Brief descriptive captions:
.....

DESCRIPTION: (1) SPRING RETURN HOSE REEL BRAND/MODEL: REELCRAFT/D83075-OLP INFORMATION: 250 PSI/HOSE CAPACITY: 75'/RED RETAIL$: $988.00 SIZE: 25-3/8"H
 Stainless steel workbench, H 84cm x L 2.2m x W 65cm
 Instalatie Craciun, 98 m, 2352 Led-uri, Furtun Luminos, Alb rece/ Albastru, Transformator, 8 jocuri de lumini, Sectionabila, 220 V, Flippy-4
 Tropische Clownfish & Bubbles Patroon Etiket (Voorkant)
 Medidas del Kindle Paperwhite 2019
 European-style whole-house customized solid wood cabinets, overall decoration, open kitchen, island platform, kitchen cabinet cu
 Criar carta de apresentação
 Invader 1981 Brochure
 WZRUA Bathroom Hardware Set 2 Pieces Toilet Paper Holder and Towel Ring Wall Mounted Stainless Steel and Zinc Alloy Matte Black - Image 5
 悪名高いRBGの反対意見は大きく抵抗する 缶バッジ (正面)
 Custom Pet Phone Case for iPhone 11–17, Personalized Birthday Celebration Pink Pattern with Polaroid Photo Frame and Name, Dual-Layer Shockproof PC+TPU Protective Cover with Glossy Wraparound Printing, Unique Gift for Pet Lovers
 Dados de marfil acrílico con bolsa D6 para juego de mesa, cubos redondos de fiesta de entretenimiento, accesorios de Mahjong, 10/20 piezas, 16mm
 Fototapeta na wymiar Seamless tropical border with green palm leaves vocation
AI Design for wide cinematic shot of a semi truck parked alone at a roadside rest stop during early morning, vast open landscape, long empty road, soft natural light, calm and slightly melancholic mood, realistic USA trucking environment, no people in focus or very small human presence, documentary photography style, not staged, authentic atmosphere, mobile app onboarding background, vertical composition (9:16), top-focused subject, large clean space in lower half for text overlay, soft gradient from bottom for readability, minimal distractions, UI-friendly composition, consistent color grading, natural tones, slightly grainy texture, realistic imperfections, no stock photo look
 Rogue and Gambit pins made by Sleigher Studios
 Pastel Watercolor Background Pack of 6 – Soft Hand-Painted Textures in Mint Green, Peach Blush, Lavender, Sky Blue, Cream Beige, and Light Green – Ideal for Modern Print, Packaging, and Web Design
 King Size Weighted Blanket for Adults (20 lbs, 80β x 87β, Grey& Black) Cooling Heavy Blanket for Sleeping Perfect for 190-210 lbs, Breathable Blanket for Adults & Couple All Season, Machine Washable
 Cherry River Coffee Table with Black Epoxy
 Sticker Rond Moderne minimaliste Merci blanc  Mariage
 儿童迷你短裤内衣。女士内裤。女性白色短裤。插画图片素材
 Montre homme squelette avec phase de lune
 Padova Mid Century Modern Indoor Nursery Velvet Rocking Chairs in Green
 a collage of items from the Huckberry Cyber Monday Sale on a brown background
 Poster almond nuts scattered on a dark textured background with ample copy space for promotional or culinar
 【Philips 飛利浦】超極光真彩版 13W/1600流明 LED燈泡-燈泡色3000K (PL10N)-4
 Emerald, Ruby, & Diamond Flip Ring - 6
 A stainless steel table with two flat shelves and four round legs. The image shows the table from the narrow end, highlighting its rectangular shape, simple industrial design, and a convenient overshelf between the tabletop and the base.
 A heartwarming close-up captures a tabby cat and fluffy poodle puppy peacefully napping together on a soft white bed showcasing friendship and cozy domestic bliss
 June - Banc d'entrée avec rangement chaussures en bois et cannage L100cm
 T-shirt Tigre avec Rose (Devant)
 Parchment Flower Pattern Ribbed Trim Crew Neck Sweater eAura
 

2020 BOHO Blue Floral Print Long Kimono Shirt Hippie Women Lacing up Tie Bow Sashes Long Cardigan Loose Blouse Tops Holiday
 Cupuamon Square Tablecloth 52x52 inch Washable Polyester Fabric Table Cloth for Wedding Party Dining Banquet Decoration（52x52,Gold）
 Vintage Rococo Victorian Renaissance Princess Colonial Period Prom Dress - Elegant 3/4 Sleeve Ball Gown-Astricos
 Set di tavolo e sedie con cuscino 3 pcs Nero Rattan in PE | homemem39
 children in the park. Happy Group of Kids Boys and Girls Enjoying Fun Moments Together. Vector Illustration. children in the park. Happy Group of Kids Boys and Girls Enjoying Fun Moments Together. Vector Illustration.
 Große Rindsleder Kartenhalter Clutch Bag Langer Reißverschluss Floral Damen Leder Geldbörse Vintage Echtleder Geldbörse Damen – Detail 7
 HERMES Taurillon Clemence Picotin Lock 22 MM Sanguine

.....

_What is being asked_. Word for word, set down all of the records above.

_Solution for this exercise_.
DESCRIPTION: (1) SPRING RETURN HOSE REEL BRAND/MODEL: REELCRAFT/D83075-OLP INFORMATION: 250 PSI/HOSE CAPACITY: 75'/RED RETAIL$: $988.00 SIZE: 25-3/8"H
 Stainless steel workbench, H 84cm x L 2.2m x W 65cm
 Instalatie Craciun, 98 m, 2352 Led-uri, Furtun Luminos, Alb rece/ Albastru, Transformator, 8 jocuri de lumini, Sectionabila, 220 V, Flippy-4
 Tropische Clownfish & Bubbles Patroon Etiket (Voorkant)
 Medidas del Kindle Paperwhite 2019
 European-style whole-house customized solid wood cabinets, overall decoration, open kitchen, island platform, kitchen cabinet cu
 Criar carta de apresentação
 Invader 1981 Brochure
 WZRUA Bathroom Hardware Set 2 Pieces Toilet Paper Holder and Towel Ring Wall Mounted Stainless Steel and Zinc Alloy Matte Black - Image 5
 悪名高いRBGの反対意見は大きく抵抗する 缶バッジ (正面)
 Custom Pet Phone Case for iPhone 11–17, Personalized Birthday Celebration Pink Pattern with Polaroid Photo Frame and Name, Dual-Layer Shockproof PC+TPU Protective Cover with Glossy Wraparound Printing, Unique Gift for Pet Lovers
 Dados de marfil acrílico con bolsa D6 para juego de mesa, cubos redondos de fiesta de entretenimiento, accesorios de Mahjong, 10/20 piezas, 16mm
 Fototapeta na wymiar Seamless tropical border with green palm leaves vocation
AI Design for wide cinematic shot of a semi truck parked alone at a roadside rest stop during early morning, vast open landscape, long empty road, soft natural light, calm and slightly melancholic mood, realistic USA trucking environment, no people in focus or very small human presence, documentary photography style, not staged, authentic atmosphere, mobile app onboarding background, vertical composition (9:16), top-focused subject, large clean space in lower half for text overlay, soft gradient from bottom for readability, minimal distractions, UI-friendly composition, consistent color grading, natural tones, slightly grainy texture, realistic imperfections, no stock photo look
 Rogue and Gambit pins made by Sleigher Studios
 Pastel Watercolor Background Pack of 6 – Soft Hand-Painted Textures in Mint Green, Peach Blush, Lavender, Sky Blue, Cream Beige, and Light Green – Ideal for Modern Print, Packaging, and Web Design
 King Size Weighted Blanket for Adults (20 lbs, 80β x 87β, Grey& Black) Cooling Heavy Blanket for Sleeping Perfect for 190-210 lbs, Breathable Blanket for Adults & Couple All Season, Machine Washable
 Cherry River Coffee Table with Black Epoxy
 Sticker Rond Moderne minimaliste Merci blanc  Mariage
 儿童迷你短裤内衣。女士内裤。女性白色短裤。插画图片素材
 Montre homme squelette avec phase de lune
 Padova Mid Century Modern Indoor Nursery Velvet Rocking Chairs in Green
 a collage of items from the Huckberry Cyber Monday Sale on a brown background
 Poster almond nuts scattered on a dark textured background with ample copy space for promotional or culinar
 【Philips 飛利浦】超極光真彩版 13W/1600流明 LED燈泡-燈泡色3000K (PL10N)-4
 Emerald, Ruby, & Diamond Flip Ring - 6
 A stainless steel table with two flat shelves and four round legs. The image shows the table from the narrow end, highlighting its rectangular shape, simple industrial design, and a convenient overshelf between the tabletop and the base.
 A heartwarming close-up captures a tabby cat and fluffy poodle puppy peacefully napping together on a soft white bed showcasing friendship and cozy domestic bliss
 June - Banc d'entrée avec rangement chaussures en bois et cannage L100cm
 T-shirt Tigre avec Rose (Devant)
 Parchment Flower Pattern Ribbed Trim Crew Neck Sweater eAura
 

2020 BOHO Blue Floral Print Long Kimono Shirt Hippie Women Lacing up Tie Bow Sashes Long Cardigan Loose Blouse Tops Holiday
 Cupuamon Square Tablecloth 52x52 inch Washable Polyester Fabric Table Cloth for Wedding Party Dining Banquet Decoration（52x52,Gold）
 Vintage Rococo Victorian Renaissance Princess Colonial Period Prom Dress - Elegant 3/4 Sleeve Ball Gown-Astricos
 Set di tavolo e sedie con cuscino 3 pcs Nero Rattan in PE | homemem39
 children in the park. Happy Group of Kids Boys and Girls Enjoying Fun Moments Together. Vector Illustration. children in the park. Happy Group of Kids Boys and Girls Enjoying Fun Moments Together. Vector Illustration.
 Große Rindsleder Kartenhalter Clutch Bag Langer Reißverschluss Floral Damen Leder Geldbörse Vintage Echtleder Geldbörse Damen – Detail 7
 HERMES Taurillon Clemence Picotin Lock 22 MM Sanguine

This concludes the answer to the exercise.